Figure S4. Representative phase contrast photomicroscopic images of differentiating murine Nkx2.5-eGFP ESCs as untreated control or following treatment with IGF1, IGF2 or insulin.
Figure S5. Treatment of Nkx2.5-eGFP ESCs with Wnt3a (125 μg/mL) or FGF2 (200 μg/mL) does not increase Akt phosphorylation in Brachyury+ cells. Flow cytometric analysis of phospho-AKT (pAkt) expression in Brachyury+ cells following treatment of Nkx2.5-eGFP ESCs with Wnt3a or FGF2. Control, untreated Nkx2.5-eGFP ESCs. Bars represent mean ± SEM of triplicate experiments. NS, non-significant.

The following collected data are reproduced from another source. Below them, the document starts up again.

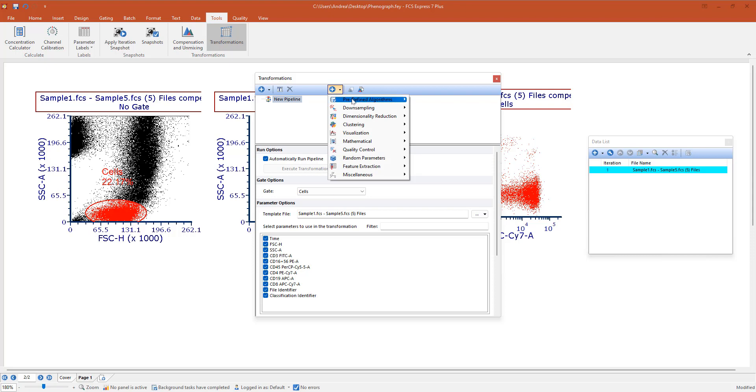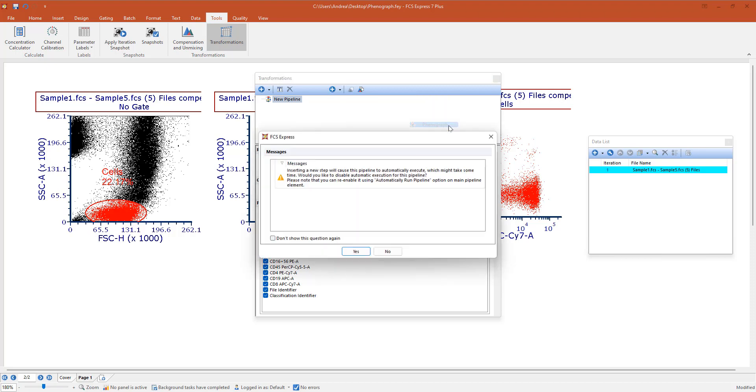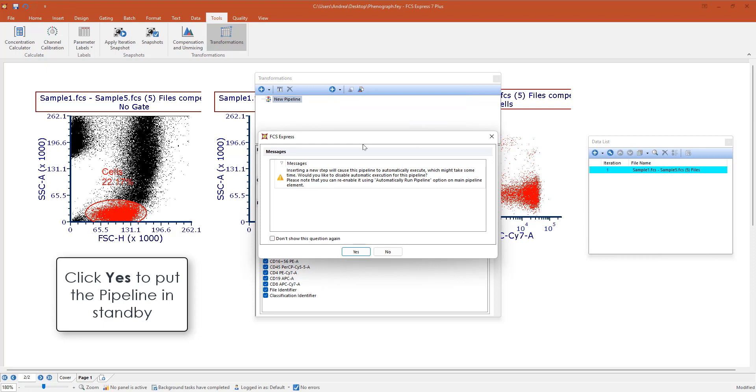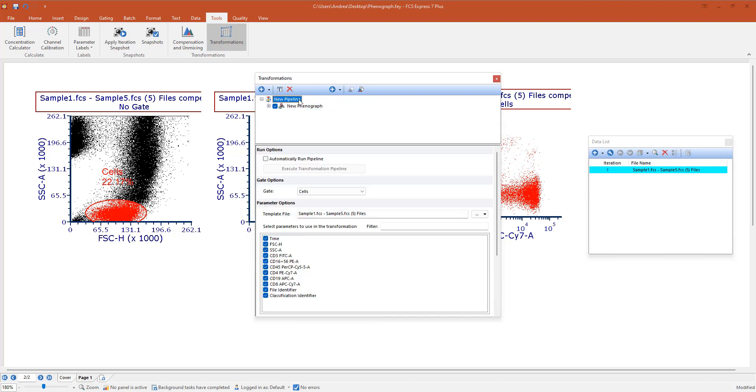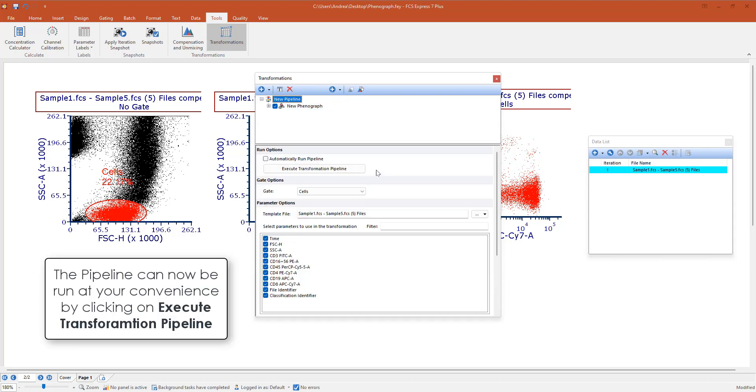For Phenograph, you can go to predefined algorithm and create a Phenograph. FCS Express will prompt you about disabling the automatic pipeline running. This means that if you disable this, the pipeline will be in standby and you will be able to run it at your convenience by pressing execute transformation pipeline.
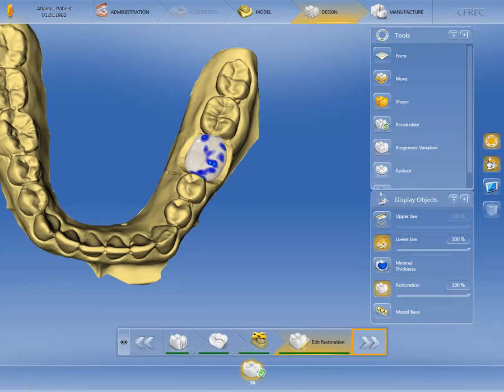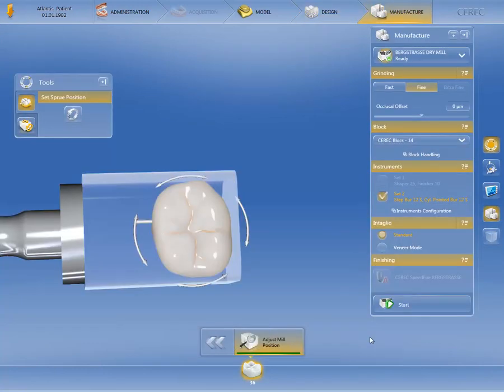In this phase, you can use the tools to correct the location of the sprue or realign the position of the restoration within the block. In the window, under Manufacture, you can make further modifications.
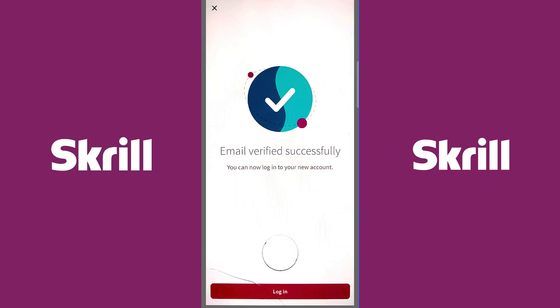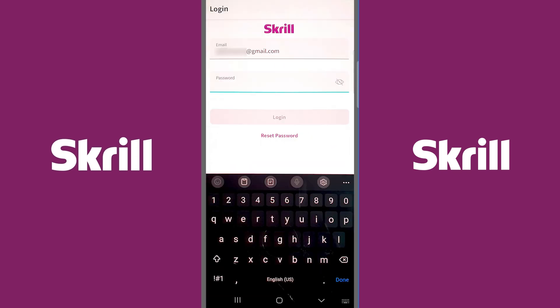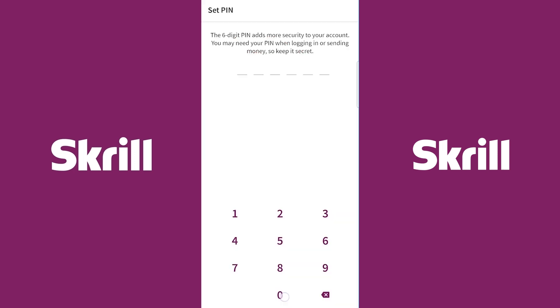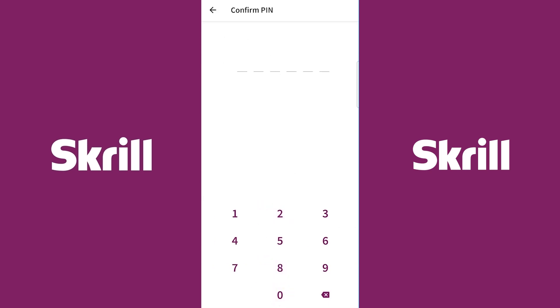My email was successfully verified. Click login, then type your email and password again and click the login button. After completion, you will be asked to set your six-digit PIN code and then confirm the PIN code.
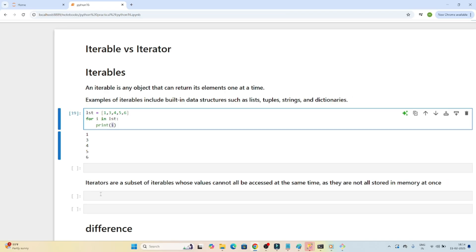Now, iterators are a subset of iterables, but their values cannot be accessed all at the same time because they are not stored in memory at once. In the case of iterables, as soon as you create a list or any iterable, all the values are stored in memory. But in the case of an iterator, the values are not stored in memory at once — that is the main difference.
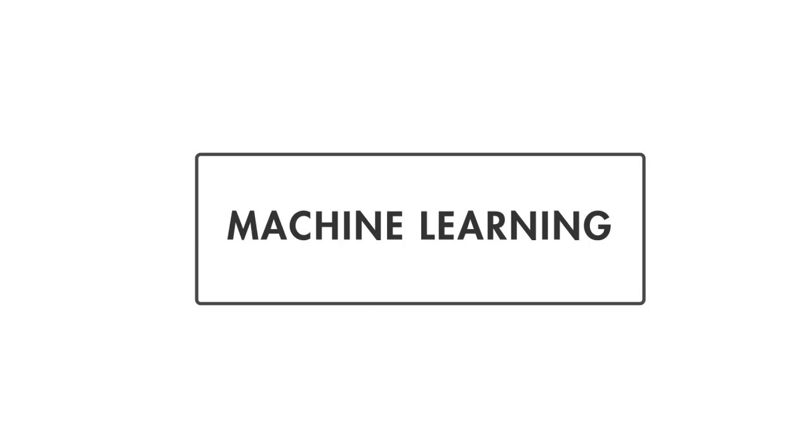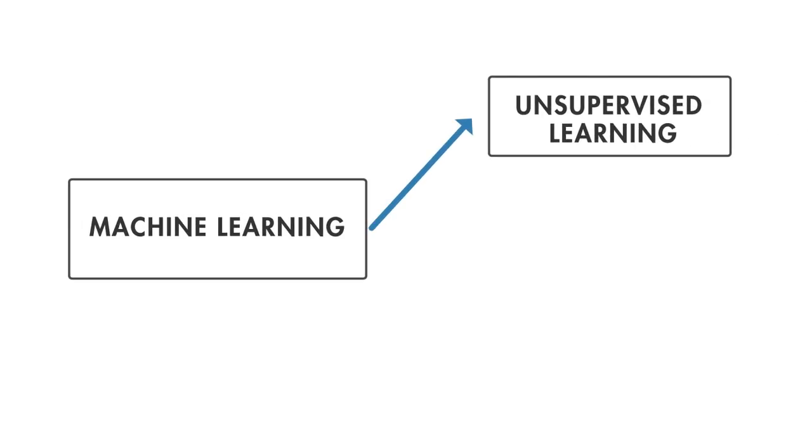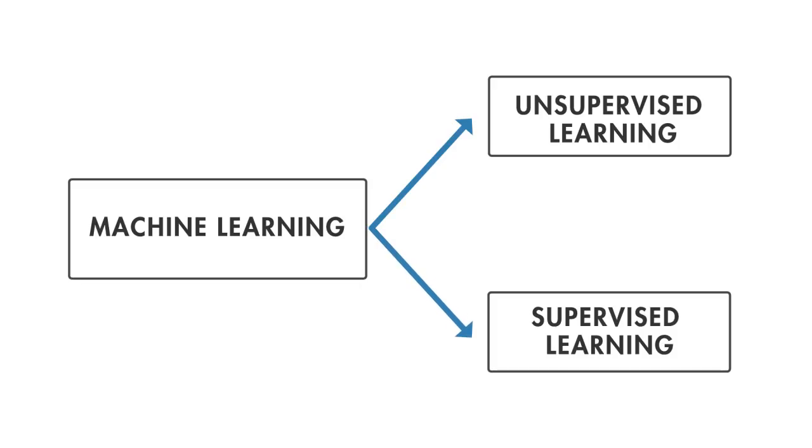Machine learning uses two types of techniques. Unsupervised learning, which finds hidden patterns in input data. And supervised learning, which trains a model on known input and output data so that it can predict future outputs.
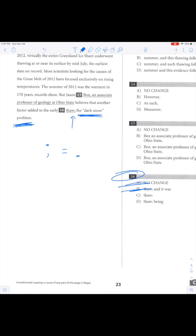Another factor that added to the early thaw. Colon, the dark snow problem. We can go with C because we don't need the word being. That's usually wrong anyway.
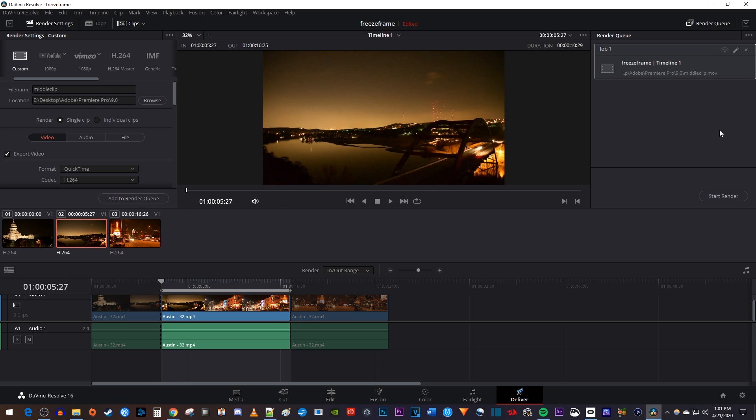Ok, and there my clip was added to the render queue, so to complete the export, let's click start render.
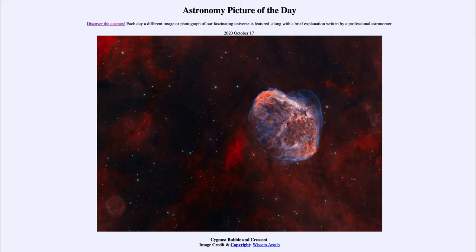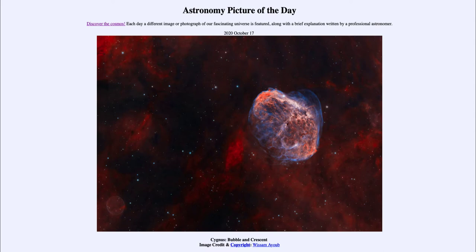It is titled Cygnus Bubble and Crescent. This is an area of the constellation of Cygnus the Swan, and we see within it a couple of different objects. One is in the lower left — kind of hidden down there, very faint — and that is what we call the Soap Bubble. It is very faint, and in fact it was only discovered relatively recently, in 2013, so we've only known of this object for less than a decade.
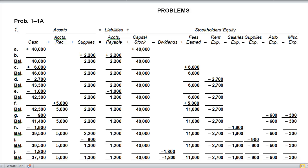The first thing it asks us to do is indicate the effect of each transaction and the balances after each transaction using the following tabular headings. We have our assets, our liabilities, and our stockholders' equity. In a corporation this is known as stockholders' equity; in a partnership or other non-corporate business it's just owner's equity. Assets are broken down into cash, accounts receivable, and supplies. The only liability in this problem is accounts payable, and capital stock, dividends, fees earned, rent expense, salaries expense, supplies, auto, and miscellaneous all affect stockholders' equity.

Figure S6. Selective inhibition of Akt signaling abolishes IGF/insulin-dependent proliferation of murine ESC-derived Brachyury+ cells. Flow cytometric quantification of Ki67 expression in Brachyury+ cells following treatment of differentiating murine ESCs with IGF1, IGF2 or insulin in the presence of the Akt inhibitor ML-2206 or its solvent, DMSO. Mean ± SEM of triplicate experiments is shown. *, p<0.05.